> **TASK STATEMENT**:
Each line between the one holding "VENTA PH 2 AMB" and the end of the material below, both included, is to be transcribed word for word, with pictures left out.
=== Begin Enclosure ===
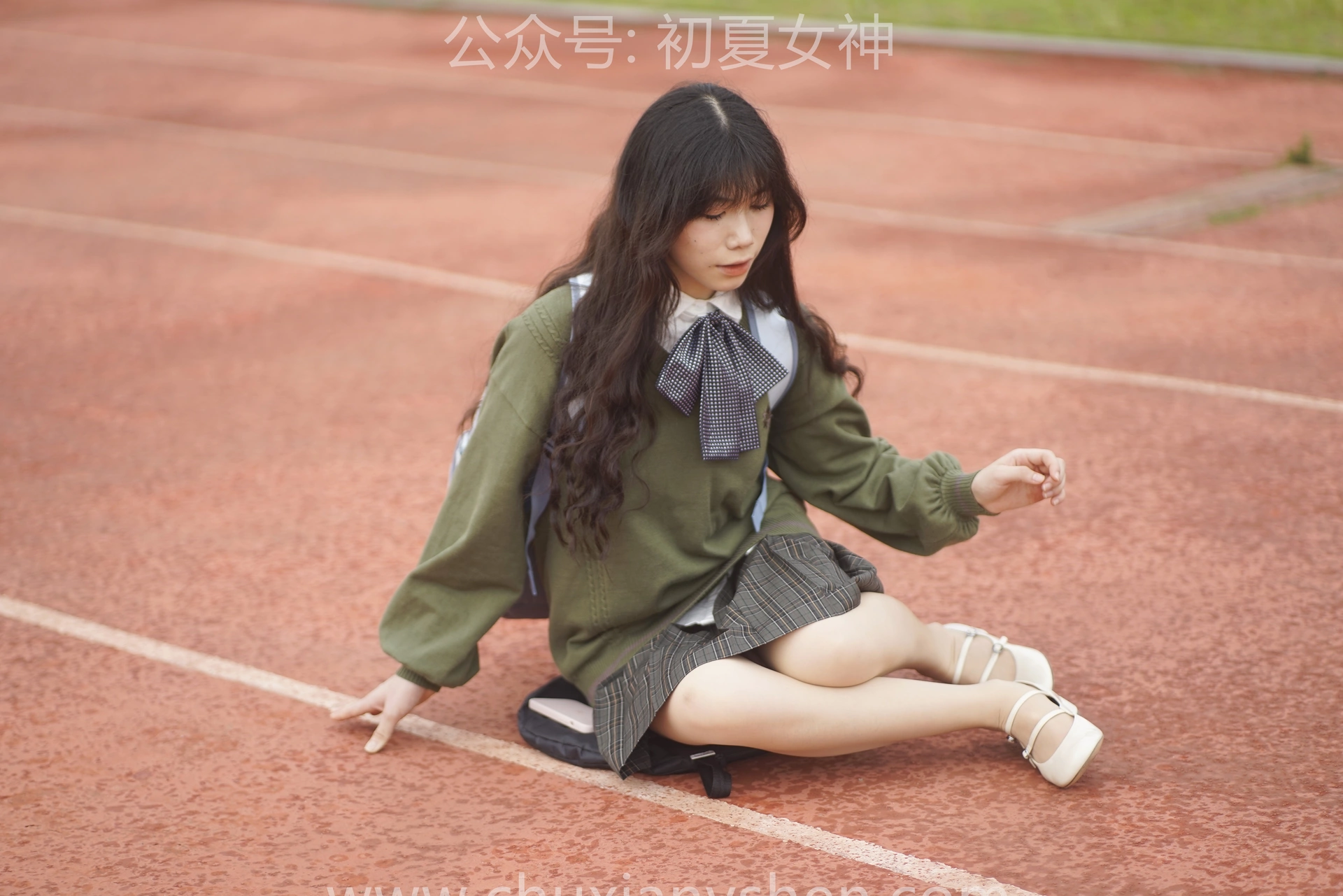 初夏女神 NO.064 欢欢 新晋学妹-学妹的一天[164P+1V／8.72GB]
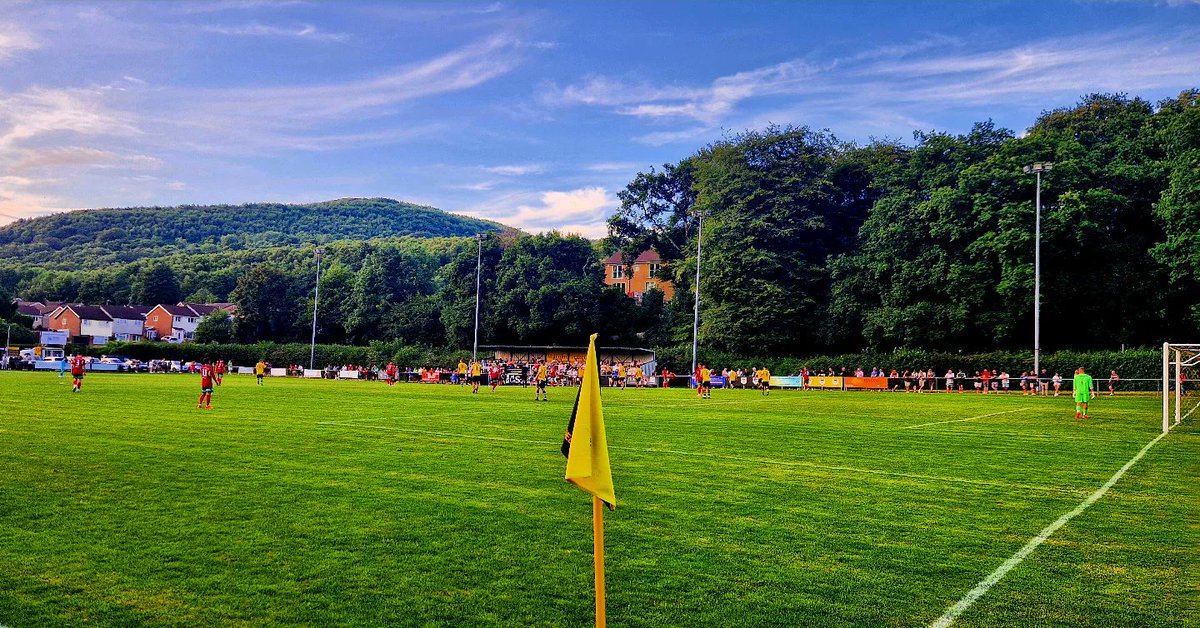 Cardifftweeter's tweet photo. Pitch side at yesterday's game, shame about the result @Taffswellfc, but congratulations to @MerthyrTownFC. You both put on a good game and enjoyable game of football. #Cardiff #Taffswell #Merthyr #LocalClubs #LocalFootballClub #LocalFootball https://t.co/DbCkWN3zPx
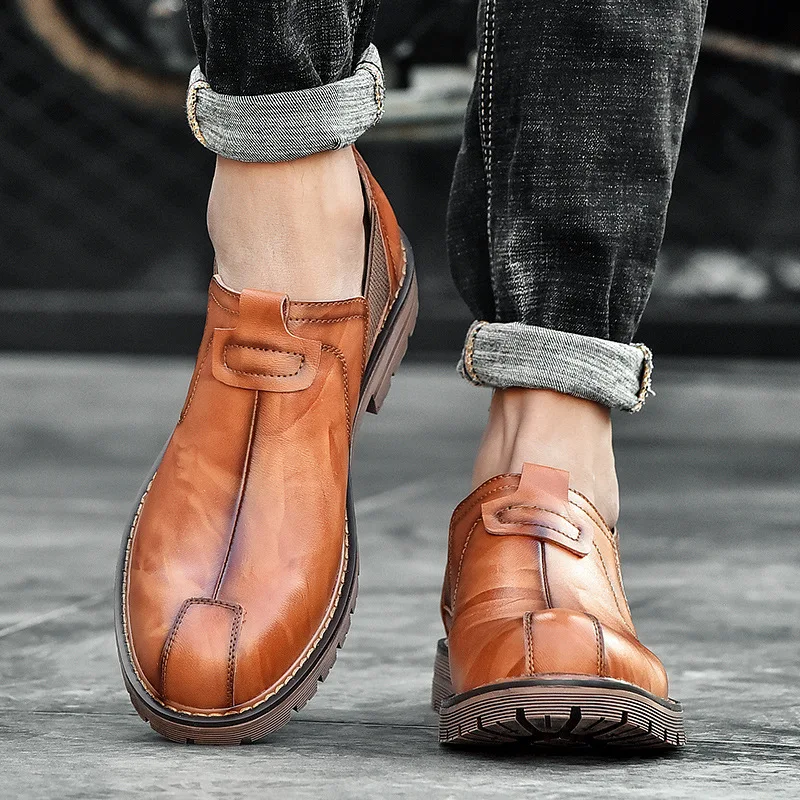 New Arrival Retro Bullock Design Men Classic Business Formal Shoes Pointed Toe leather shoes Men Oxford Dress Shoes - Image 4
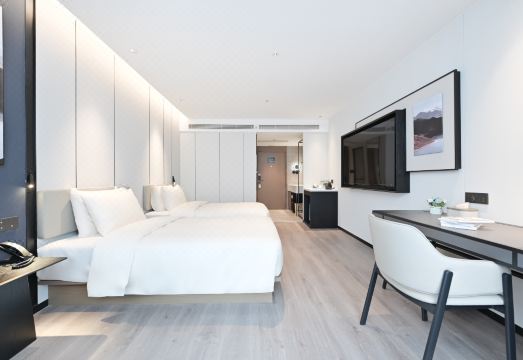 Atour Hotel  Bird's Nest&University of International Business Beijing Hotel Overview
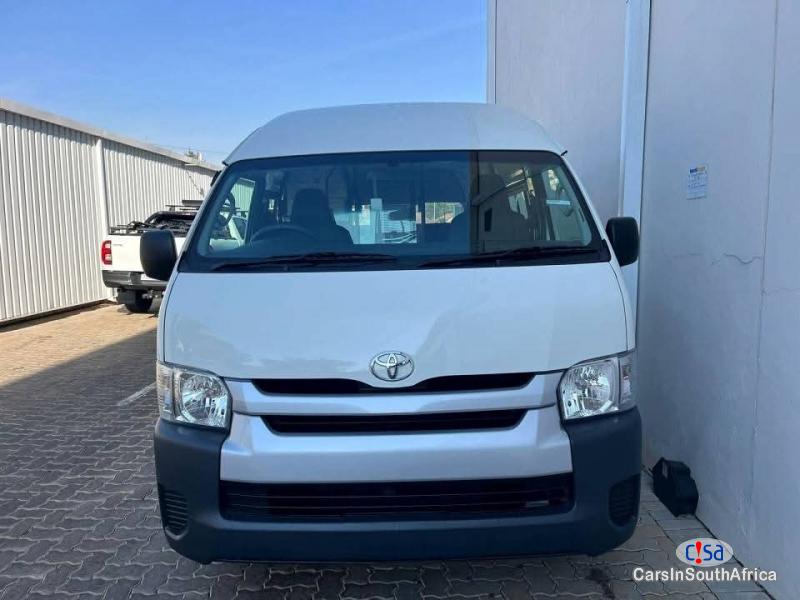 Toyota Quantum 2.5 Manual 2021 - image 3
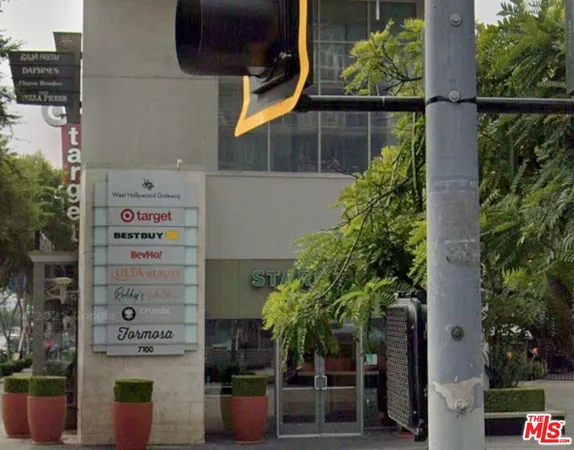 $1,950 | 922 North Hudson Avenue, Unit 12, Los Angeles, CA 90038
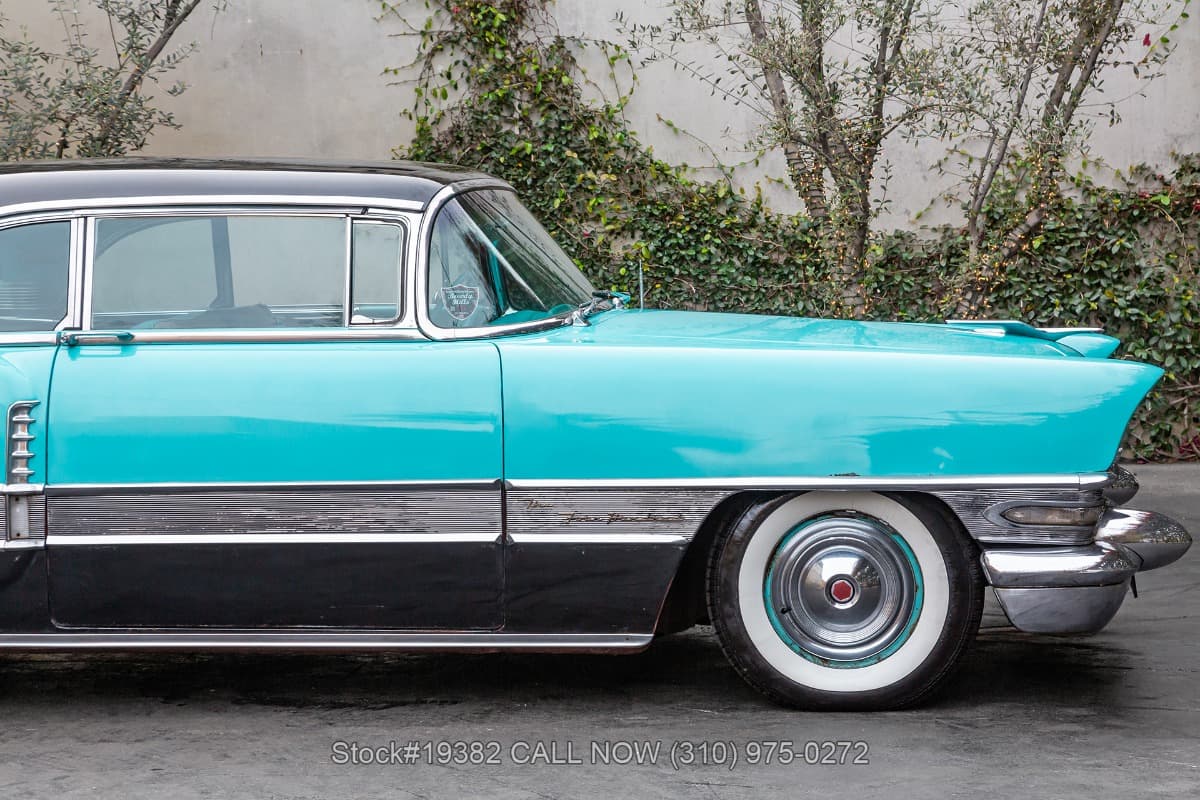 1956 Packard 400 thumbnail 9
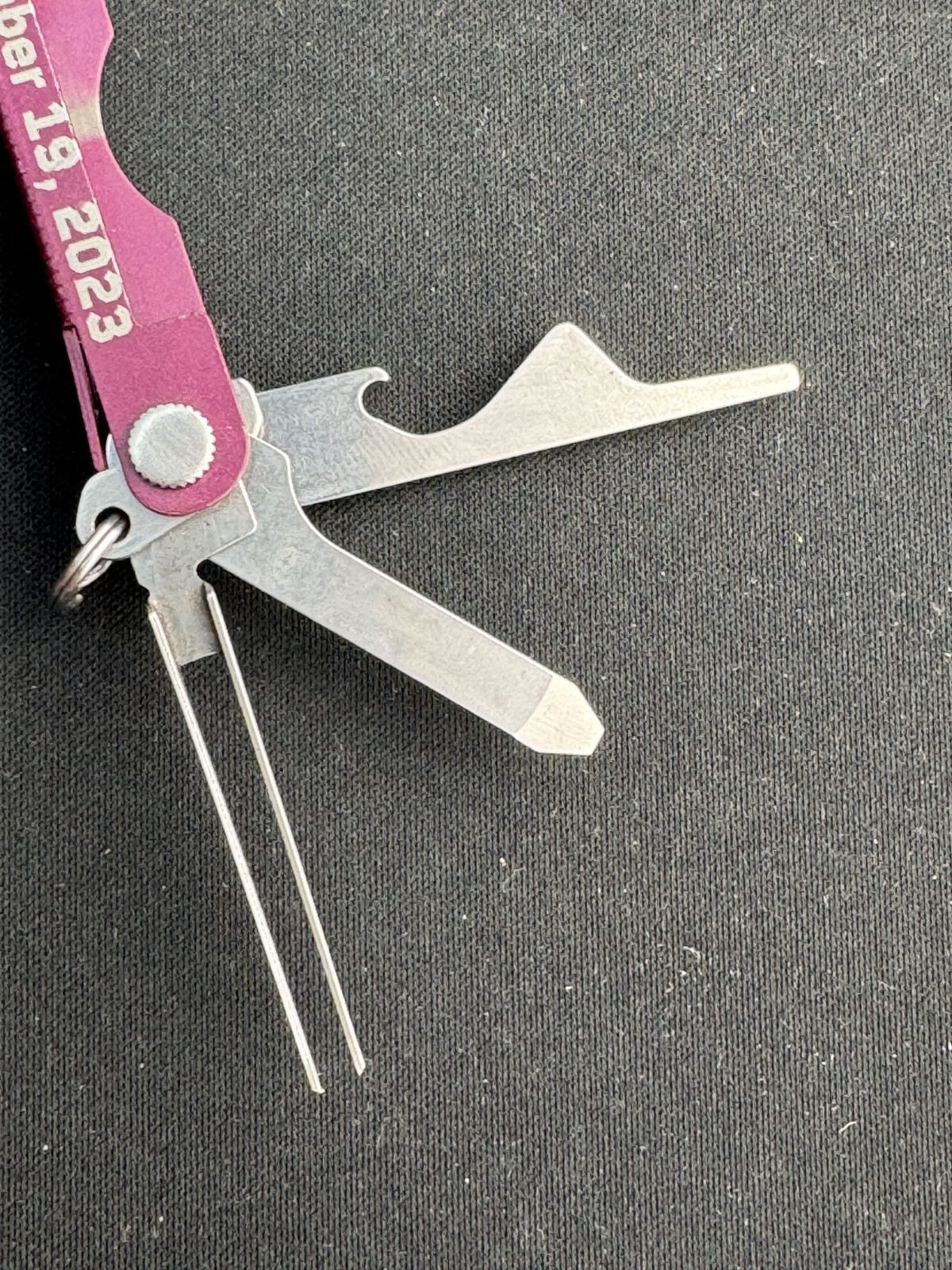 Leatherman Micra 10 in 1 Multitool Anodized Aluminum – Cherry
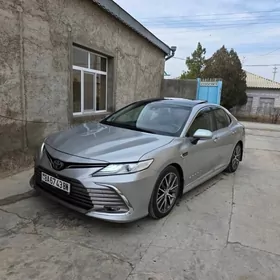 Toyota Camry 2020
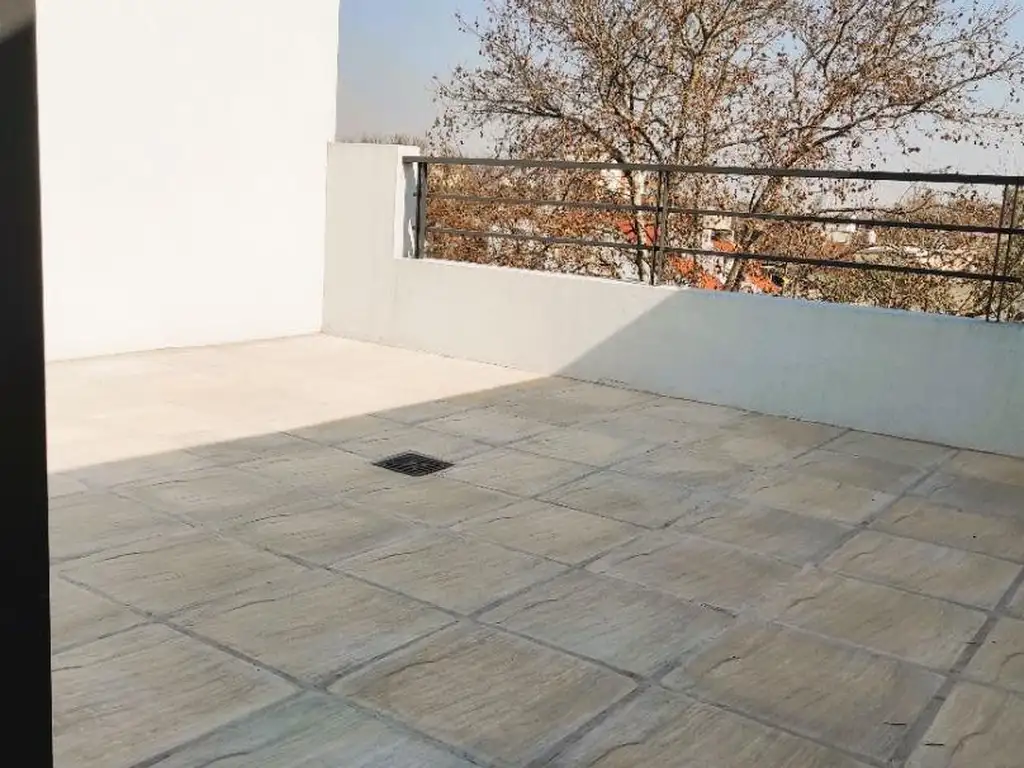 VENTA PH 2 AMB CON PATIO Y TERRAZA EN VILLA SANTA RITA CABA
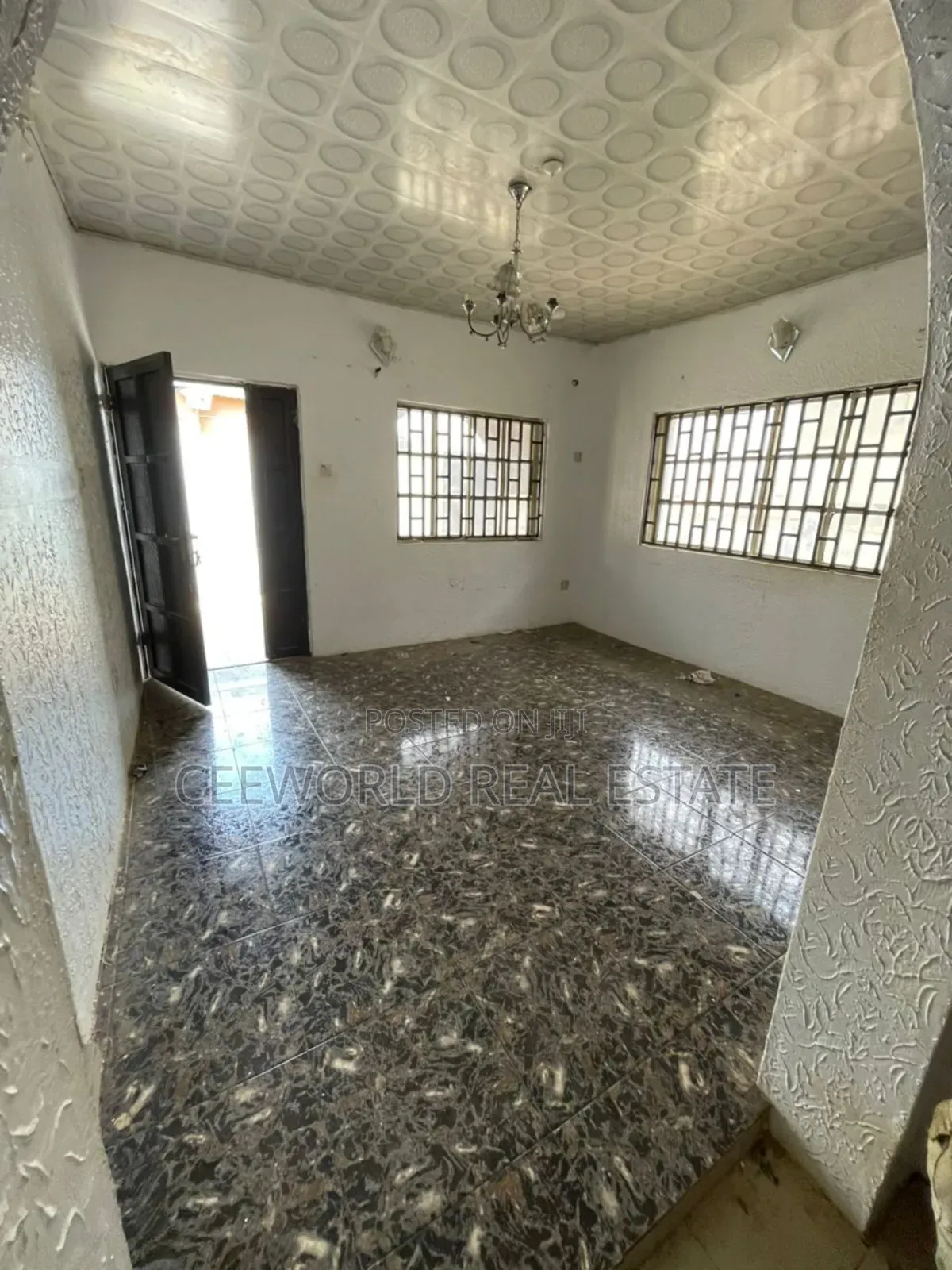 3bdrm Bungalow in Isokan Estate Akobo for rent in Akobo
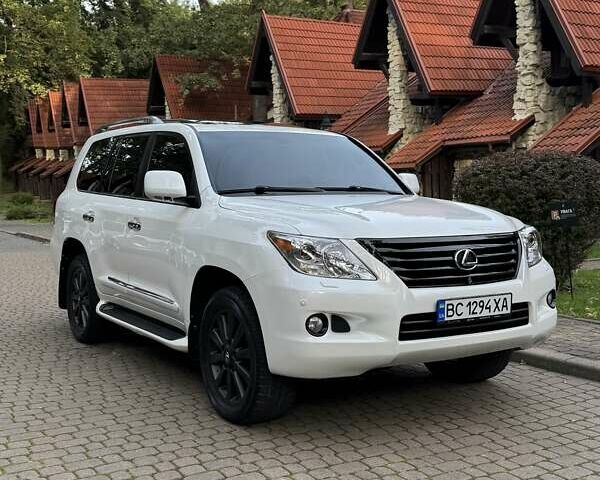 Білий Лексус ЛХ, об'ємом двигуна 5.66 л та пробігом 275 тис. км за 23700 $, фото 11 на Automoto.ua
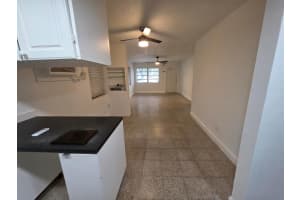 304 4th Avenue, Hallandale Beach, FL 33009 - MLS#B26002585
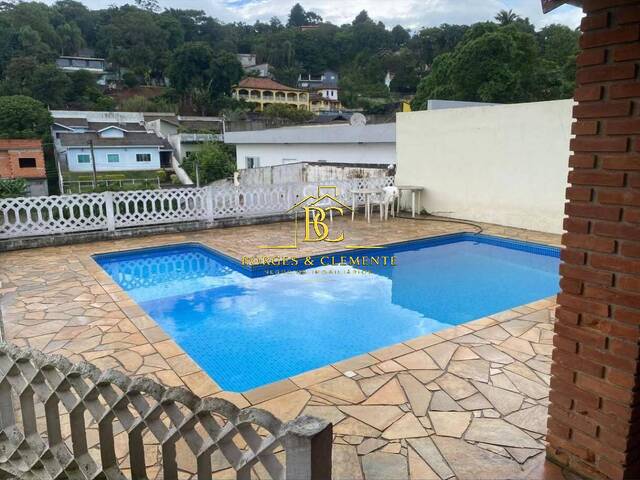 Casa para Venda em Mairiporã - 3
=== End Enclosure ===
> **REPLY**:
 VENTA PH 2 AMB CON PATIO Y TERRAZA EN VILLA SANTA RITA CABA
 3bdrm Bungalow in Isokan Estate Akobo for rent in Akobo
 Білий Лексус ЛХ, об'ємом двигуна 5.66 л та пробігом 275 тис. км за 23700 $, фото 11 на Automoto.ua
 304 4th Avenue, Hallandale Beach, FL 33009 - MLS#B26002585
 Casa para Venda em Mairiporã - 3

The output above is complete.